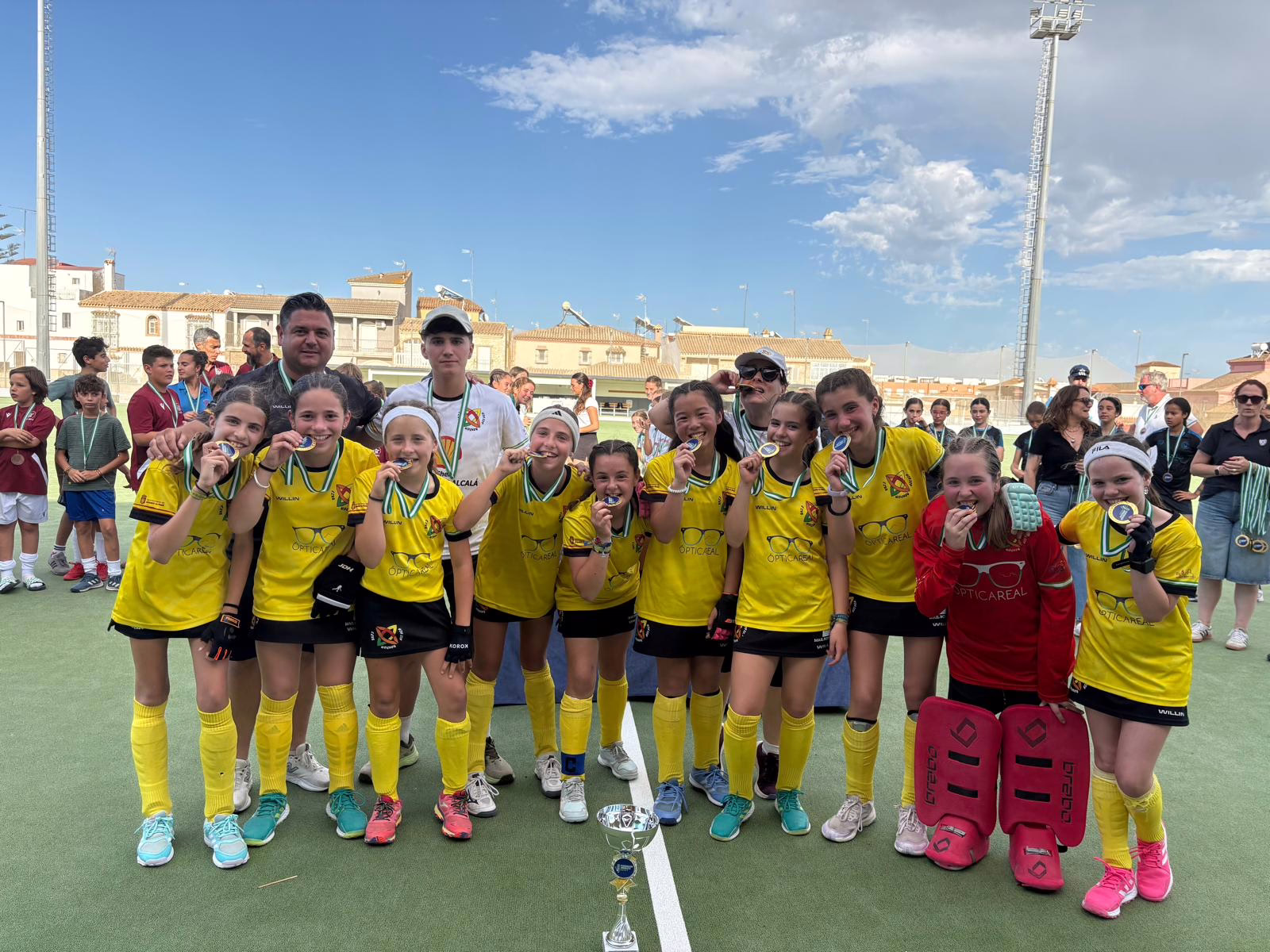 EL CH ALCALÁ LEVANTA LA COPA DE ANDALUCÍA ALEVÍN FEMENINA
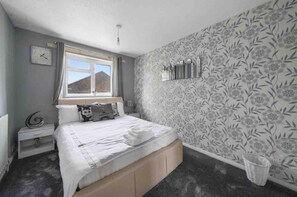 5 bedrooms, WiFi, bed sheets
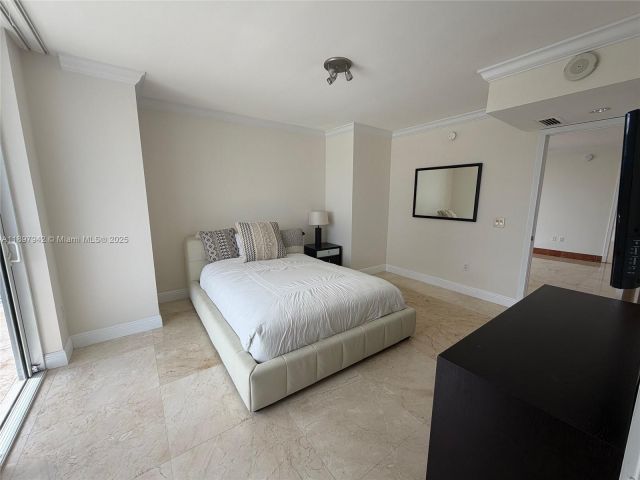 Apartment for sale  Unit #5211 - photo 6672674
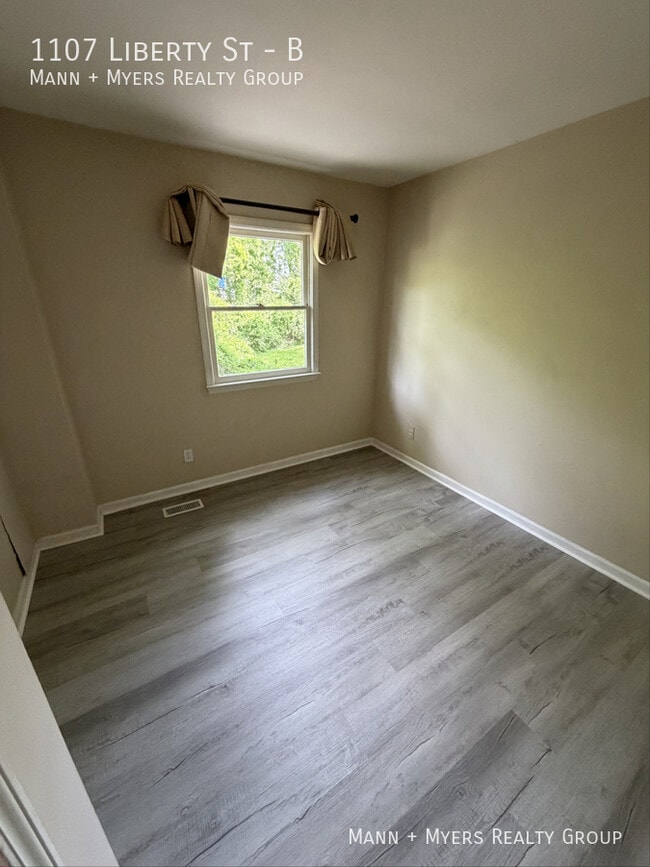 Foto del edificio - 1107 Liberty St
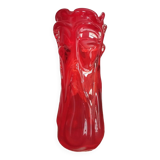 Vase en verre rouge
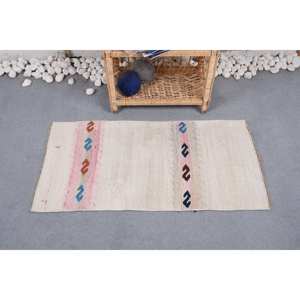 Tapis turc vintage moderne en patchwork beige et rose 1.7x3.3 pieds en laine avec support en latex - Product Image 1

☆ ☆ ☆ ☆

§ **What to work on**:
Repeat the listing in full and to the letter, excluding every image.

§ **Result of this exercise**:
 EL CH ALCALÁ LEVANTA LA COPA DE ANDALUCÍA ALEVÍN FEMENINA
 5 bedrooms, WiFi, bed sheets
 Apartment for sale  Unit #5211 - photo 6672674
 Foto del edificio - 1107 Liberty St
 Vase en verre rouge
 Tapis turc vintage moderne en patchwork beige et rose 1.7x3.3 pieds en laine avec support en latex - Product Image 1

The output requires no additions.